Such stress can quickly drain the fun out of writing. The good news is that to counter my undesirable quality of poor time management, I possess the desirable quality of Mary Poppinsness. Yes, in every job that must be done, I find an element of fun.
Writing should be fun. It’s a great excuse to do wacky things like stage a water balloon war, a pillow fight, or get a pie smashed in your face. (In my defense, the pie was actually my publisher’s idea.) And then my kids always have fun when I’m in my writing world and having trouble making sense when I talk. Like the time I told my daughter I was adopted. I didn’t even realize what I’d said until Caitlin asked, “Do your parents know?”
No, I’m not adopted. But back to my point…

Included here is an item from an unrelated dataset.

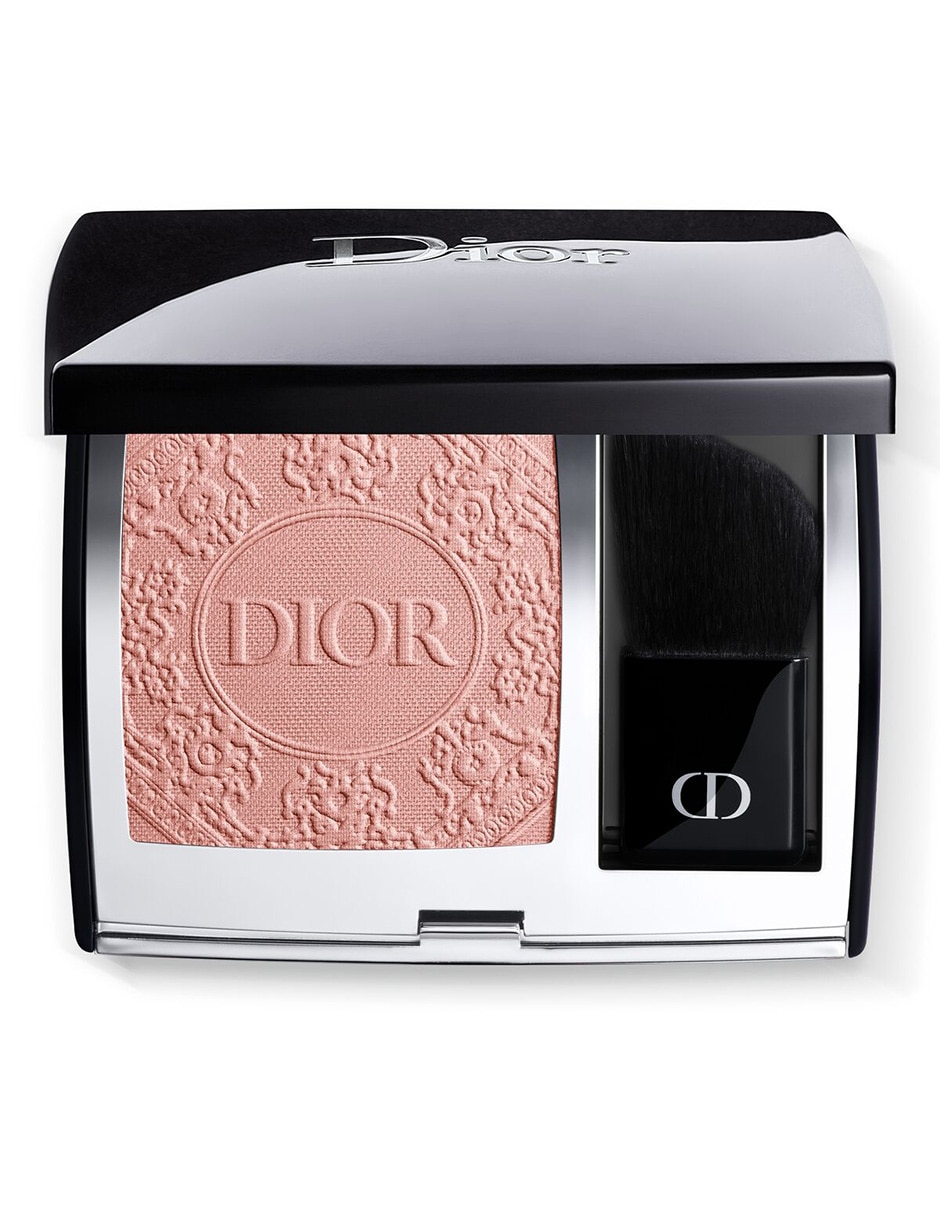 Blush en polvo compacto Rouge 1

I know that if I’m not having fun, I’m doing something wrong. So whenever I get the urge to toss my laptop out the window due to writer’s block, I find the fun, and snap, the job’s a game. Here are five foolproof ways for you to find the fun:
1.) Go on a fieldtrip. A lot of times, we lack inspiration because the story world isn’t real enough for us to know what we are talking about, so if we immerse ourselves in a similar setting, the imaginary comes to life. Now you don’t have to go as far as Jessica Osborn Patch and actually practice stalking someone because you are writing a suspense novel. It can be as simple as visiting your friend’s farm as research because you are writing about horses and don’t know a thing about the animals. This put me back on track for Finding Love in Big Sky, Montana. Deb Raney mentioned visiting a Mennonite church because she had Mennonite characters. Or do like Karen Barnett and try all the food on the menu of an old time soda fountain.
2.) Skip to the parts you are inspired to write. My novel ideas never come to me in order. Once I wrote the final scene first. Over the course of writing the novel, the whole ending changed, but it’s what got me writing in the first place. Maybe you dreamed of the getaway scene last night. Or maybe your husband said something so sweet and romantic that you HAVE to use it in the kissing scene. Don’t trudge through a lot of boring scenes to get to that one amazing moment—write the amazing moment while it still feels amazing. The boring scenes might then become more exciting to you as you fill in the gaps of your story, plus you will have built up some momentum heading in.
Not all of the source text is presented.